### INPUT DATA
Start of Block
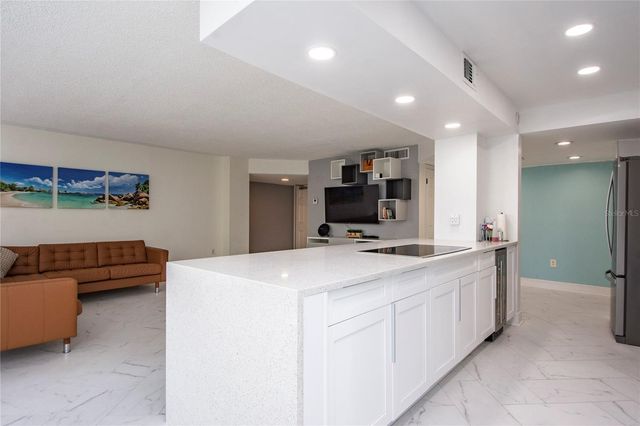 660 ISLAND WAY #206 206, Clearwater, FL 33767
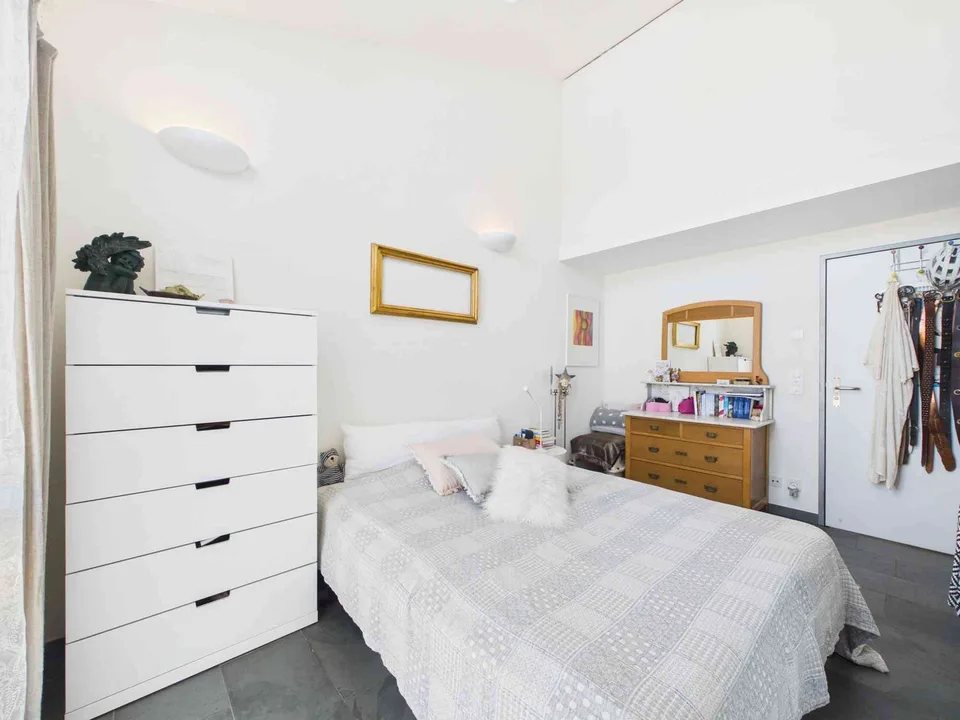 Wohnen mit Charakter – Maisonette-Dachwohnung mit zwei Galerien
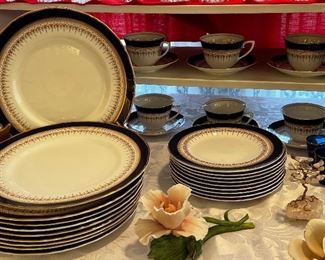 Wonderful Royal Worcester 38 piece set of fine China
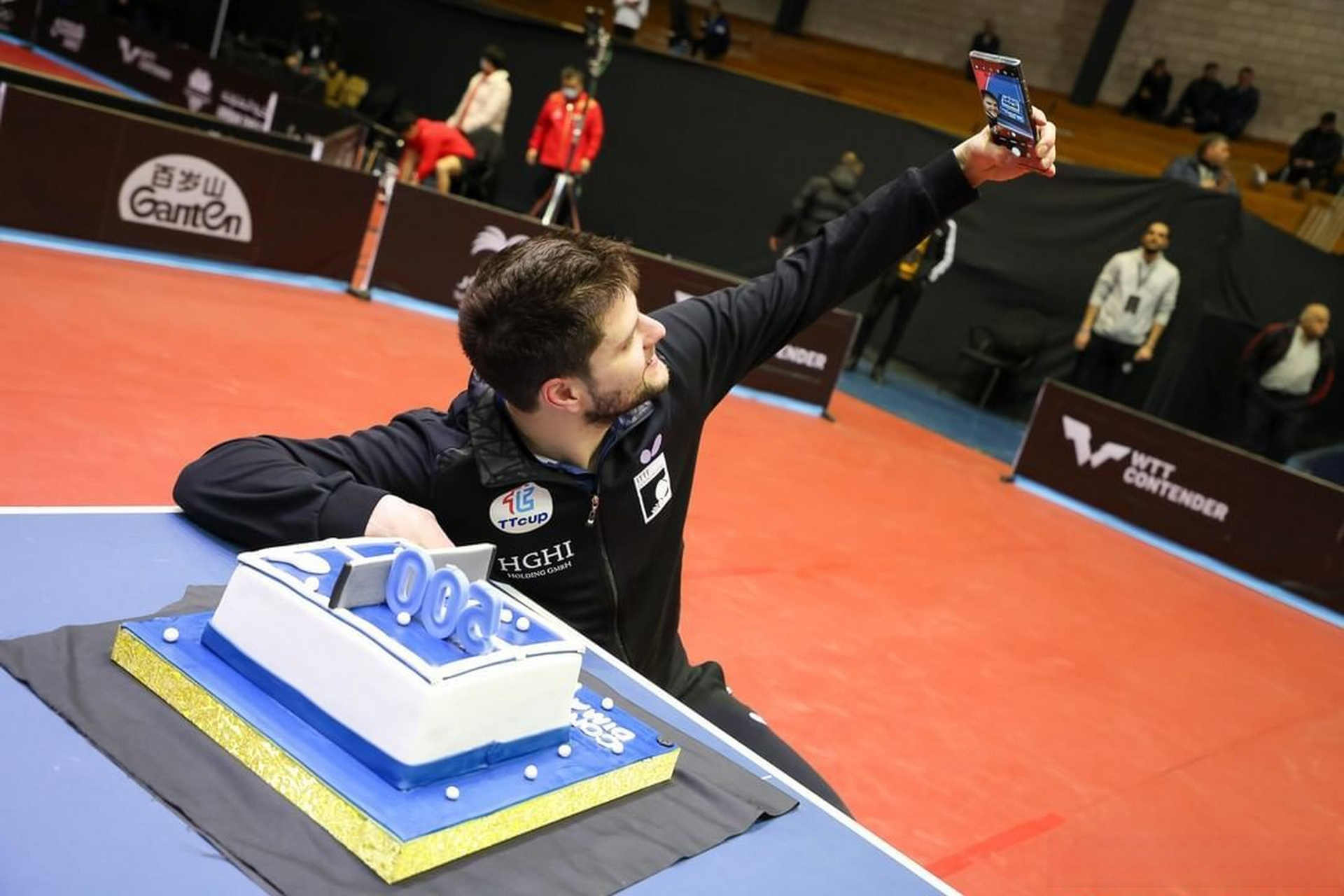 法国乒乓球队绝杀德国乒乓球队，奥恰洛夫完成帽子戏法的简单介绍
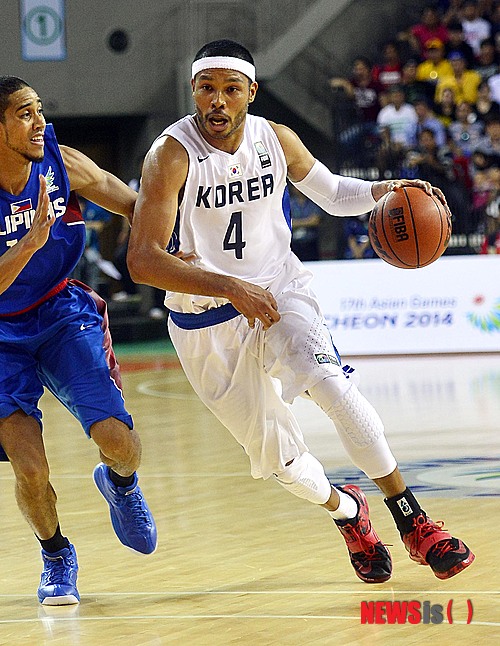 【인천=뉴시스】최동준 기자 = 27일 인천 삼산월드체육관에서 열린 '2014 인천 아시안게임' 남자 8강 라운드 H조 3경기 한국과 필리핀의 경기에서 문태종이 돌파를 하고 있다. 2014.09.27. photocdj@newsis.com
End of Block
### WHAT YOU ARE ASKED TO DO
For the entries above, the output must hold exactly the lines from the one with "Wohnen mit Charakter" through the last line, both included, and no pictures.

### TASK ANSWER
 Wohnen mit Charakter – Maisonette-Dachwohnung mit zwei Galerien
 Wonderful Royal Worcester 38 piece set of fine China
 法国乒乓球队绝杀德国乒乓球队，奥恰洛夫完成帽子戏法的简单介绍
 【인천=뉴시스】최동준 기자 = 27일 인천 삼산월드체육관에서 열린 '2014 인천 아시안게임' 남자 8강 라운드 H조 3경기 한국과 필리핀의 경기에서 문태종이 돌파를 하고 있다. 2014.09.27. photocdj@newsis.com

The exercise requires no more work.